First off, representatives of the Tennessee-based iCity corporation engaged in a conference-call with the councilmen in which the merits of DeFuniak Springs getting its very own smartphone application were discussed at length. Elvin Carrero, iCity’s vice president of sales and marketing, and Board Member (and DeFuniak Springs-born) Duncan Dashiff told the board members about the benefits of such a system, which take advantage of the proliferation of mobile phones using either Apple’s iOS or the Android operating system. The primary selling points of the iCity system are improved communication between the city and residents in areas like news stories, important calendar events, social media connectivity, economic development opportunities for local businesses, and safety and weather alerts.
A number of other municipal governments around the country are iCity clients, with the biggest being Utah’s Salt Lake County Parks and Recreation Department.
The cost to DeFuniak Springs, should the Council members vote to join the iCity stable when they pick up discussion at the next regularly scheduled meeting, consists of a $1,000 initiation fee and a $5,000 subscription agreement fee to be paid at the beginning of each term.
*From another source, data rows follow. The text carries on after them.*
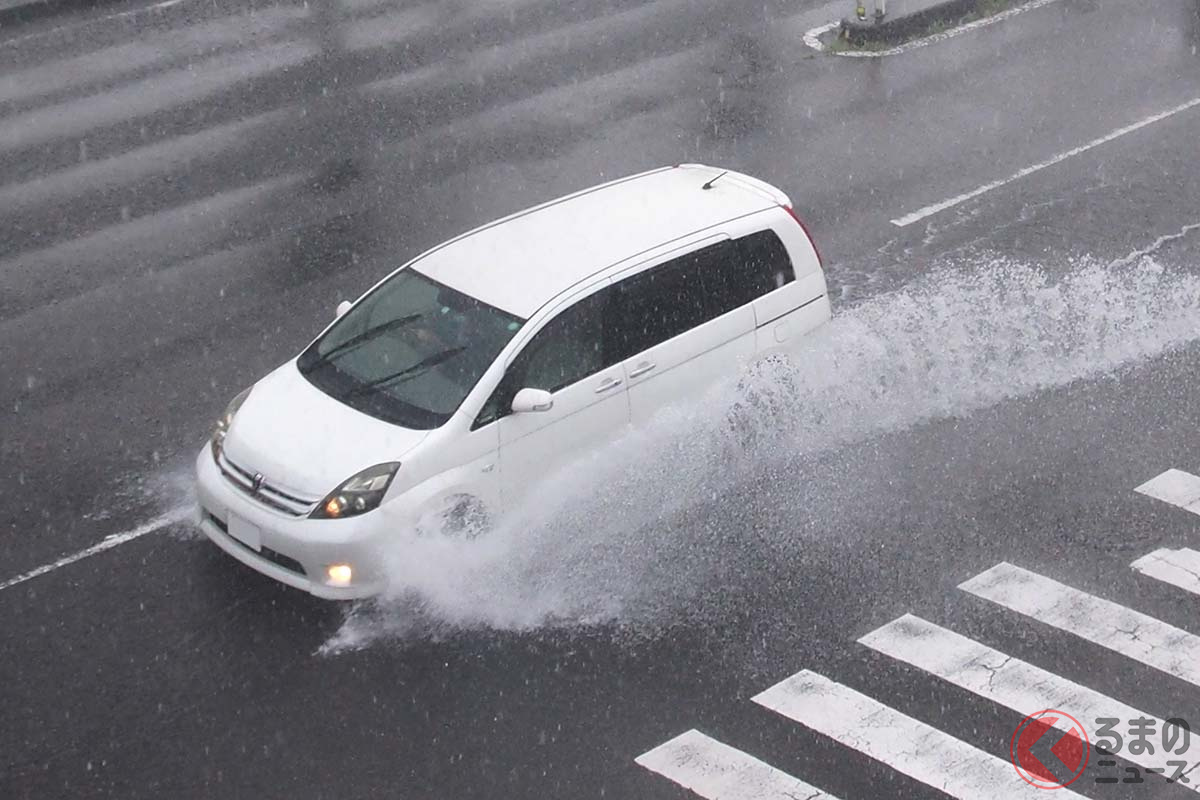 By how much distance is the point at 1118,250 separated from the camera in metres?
12.7

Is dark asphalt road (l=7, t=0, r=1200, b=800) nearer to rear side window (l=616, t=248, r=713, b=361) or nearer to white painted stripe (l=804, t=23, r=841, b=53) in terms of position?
white painted stripe (l=804, t=23, r=841, b=53)

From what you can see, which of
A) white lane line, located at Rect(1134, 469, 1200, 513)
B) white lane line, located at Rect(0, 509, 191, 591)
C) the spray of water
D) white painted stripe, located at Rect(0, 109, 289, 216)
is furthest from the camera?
white painted stripe, located at Rect(0, 109, 289, 216)

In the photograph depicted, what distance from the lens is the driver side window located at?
8766mm

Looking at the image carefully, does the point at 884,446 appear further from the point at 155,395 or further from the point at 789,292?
the point at 155,395

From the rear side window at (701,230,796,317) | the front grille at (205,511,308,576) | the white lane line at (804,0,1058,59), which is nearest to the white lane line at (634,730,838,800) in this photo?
the front grille at (205,511,308,576)

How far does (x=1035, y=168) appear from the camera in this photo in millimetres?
14062

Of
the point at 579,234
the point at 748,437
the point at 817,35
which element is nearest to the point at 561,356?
the point at 579,234

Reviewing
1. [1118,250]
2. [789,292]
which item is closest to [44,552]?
[789,292]

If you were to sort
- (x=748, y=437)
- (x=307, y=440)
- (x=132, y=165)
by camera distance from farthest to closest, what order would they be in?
(x=132, y=165), (x=748, y=437), (x=307, y=440)

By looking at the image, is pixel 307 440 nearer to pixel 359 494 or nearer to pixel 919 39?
pixel 359 494

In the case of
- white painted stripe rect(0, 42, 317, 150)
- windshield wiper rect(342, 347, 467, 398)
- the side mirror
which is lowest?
the side mirror

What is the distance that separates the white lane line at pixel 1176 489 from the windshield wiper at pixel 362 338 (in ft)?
15.6

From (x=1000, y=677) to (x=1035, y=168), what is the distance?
7204mm

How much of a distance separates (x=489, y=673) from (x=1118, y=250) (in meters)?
7.21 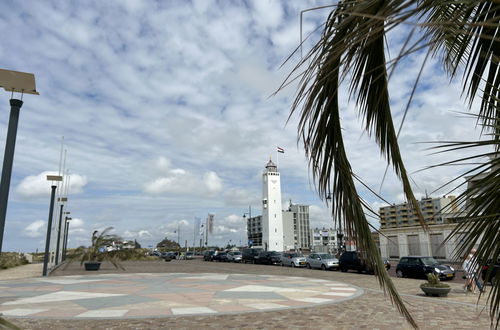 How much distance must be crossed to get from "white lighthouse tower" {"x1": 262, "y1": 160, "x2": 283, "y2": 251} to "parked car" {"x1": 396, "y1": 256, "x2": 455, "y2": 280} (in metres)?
59.3

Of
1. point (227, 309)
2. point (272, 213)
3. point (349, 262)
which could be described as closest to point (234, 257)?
point (349, 262)

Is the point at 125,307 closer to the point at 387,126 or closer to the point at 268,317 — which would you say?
the point at 268,317

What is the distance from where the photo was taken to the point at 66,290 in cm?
1355

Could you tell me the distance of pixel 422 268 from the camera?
64.5 ft

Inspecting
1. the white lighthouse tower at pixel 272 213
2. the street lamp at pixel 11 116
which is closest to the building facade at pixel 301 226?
the white lighthouse tower at pixel 272 213

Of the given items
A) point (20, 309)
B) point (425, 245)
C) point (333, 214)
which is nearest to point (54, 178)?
point (20, 309)

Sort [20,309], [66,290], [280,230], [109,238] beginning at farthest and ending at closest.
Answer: [280,230] < [109,238] < [66,290] < [20,309]

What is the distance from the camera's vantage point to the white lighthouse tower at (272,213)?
7994 centimetres

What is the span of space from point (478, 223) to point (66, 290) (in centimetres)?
1480

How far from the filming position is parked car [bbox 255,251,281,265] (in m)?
37.2

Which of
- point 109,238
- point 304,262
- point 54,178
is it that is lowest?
point 304,262

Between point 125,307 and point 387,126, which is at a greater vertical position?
point 387,126

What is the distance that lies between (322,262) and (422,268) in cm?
1030

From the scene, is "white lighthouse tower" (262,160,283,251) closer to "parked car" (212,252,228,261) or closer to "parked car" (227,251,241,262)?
"parked car" (212,252,228,261) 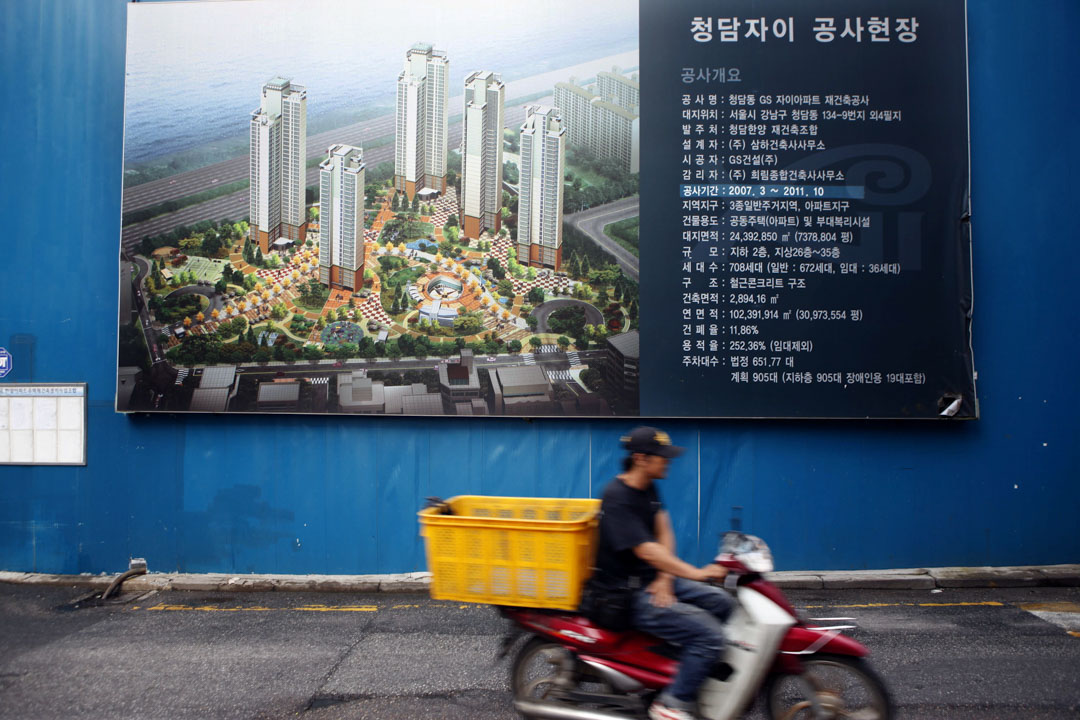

The investment costs include training services, and iCity will handle the various aspects of customer support and application maintenance.
Next, the Council received updates on the Okaloosa-Walton 2035 Long Range Transportation Plan and the environmental study associated with the project to widen U.S. 331 from Interstate 10 to the Alabama state line. Included in the former presentation was information regarding a proposed amendment to the Long Range Transportation Plan that made provisions for design, right of way acquisition and construction funds for the project to widen the major highway all the way to the border with Alabama.
The total distance for the project is approximately 25 miles. Included in the environmental study is a preliminary evaluation to determine possible safety and access improvements in light of recently acquired traffic data as well as the viability studies for alternate or entirely new roadway sections.
Finally, Walton County Economic Development Alliance Director Steve Jaeger discussed with the Council a proposal from a Tennessee developer to potentially purchase 1,400 acres near I-10 at which could be constructed a medical school housing 300 students at a time. The biggest problem with the proposal, Jaeger said, is that the developer has not as yet secured the funding to cover even the most preliminary start-up expenses. Given that the Lake Erie College of Medicine has already purchased the nearby Microspine property and will within a year begin construction on a dental school and medical training facility, the council members decided to wait and see what develops with the business plan of the other proposed school.
Having concluded the first half of the meeting, the Council approved several items brought forward by the city attorney, city manager and public works director.
The board members voted unanimously to hear the first reading of and to advertise for the adoption of an amendment to the city ordinance that will allow rental fees of city buildings to be set by resolution rather than ordinance. The Council also unanimously approved an amendment to the Public Works Department’s take-home vehicle policy to allow on-call personal who live within five miles of the city’s utilities service range to take their work vehicles home with them. Lastly, the board cast straight votes to approve the interlocal agreement between the fire departments of Walton County and the city of DeFuniak Springs and to renew the lease agreement with the Walton-Okaloosa Council on Aging.
Finally, at the quarterly town hall meeting held just before the main Council meeting, Kay Stripling turned in her resume for the city’s open grant-writer position. Stripling will take the Council’s questions at an upcoming meeting. The Council held off on deciding whether or not to hire her as the city has not as yet begun advertising for the position.